I spent so much space arguing for Eisenhower and the troops that I'm not sure how to layout the rest of my point. Intelligence and industrial might are the other two most important factors that led to the success of D-Day, Overlord, and the victory in Europe. I'm going to try and tap dance down the middle and the only way to do that is to declare "alliance" as the second most important factor. As our readings pointed out, the industrial might of the United States made our soldiers the best equipped on the battlefield. Not just each individual soldier, but the entire logistical support system he had behind him. Supplies, medicine and rations were prevalent thanks to the U.S. industrial might. Most of that might just have laid waste in the sea, however, if not for an absolute triumph by British intelligence. Keeping the Germans guessing, exploiting their poorly structured military chain of command, and being the puppet master of German intelligence was a decisive move that reduced the number of question marks for Allied leadership. Might in both is rarely achieved and, in reality, neither the British or the Americans possessed it all until they were in complete alliance with one another. The two nations have always had a special relationship with one another but it's been one long dominated by mistrust. That mistrust still existed in WWII, let's not get over-romanticized here, but the ability to trust and keep the bigger picture in mind helped this alliance survive the stresses of war, ego and self-interest.
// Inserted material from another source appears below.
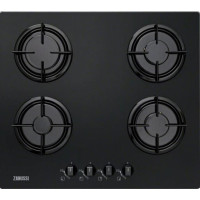 Варильна поверхня газова Zanussi ZGO65414BA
The alliance was essentially a transfer of "superpower" status from the British to the Americans, but I believe that, at the time, both nation had the ideal balance of confidence and humility that enabled it to work so strongly together. Had that not existed, and had those demons of ego, stress and selfishness dominated, the alliance would have looked more like the one that existed between the Axis leaders.
Matti's Response
- Planning on both sides of the war can be considered the two most important factors in the success of D-Day. The German’s knew an attack was coming and planned as they saw necessary. This entailed placing troops up and down the coast of France. Hitler was afraid to combine all of his forces in to one area due to his fear that if all combined forces were one area they could be over run. Therefore the French coast was littered with smaller forces than would be necessary to stop the Allied Invasion. The Allies as well put much thought into their planning. The generals planned the most ornate and elaborate amphibious, the biggest of the time. They held the invasion during a storm and attacked not at the expected location but instead on the coast of Normandy. The generals were able not only to plan key military strategy by planning the invasion in levels of bombings and attacks but were able to incorporate the element of surprise. The combination of these plannings, ultimately were the two key factors in the success of D-Day.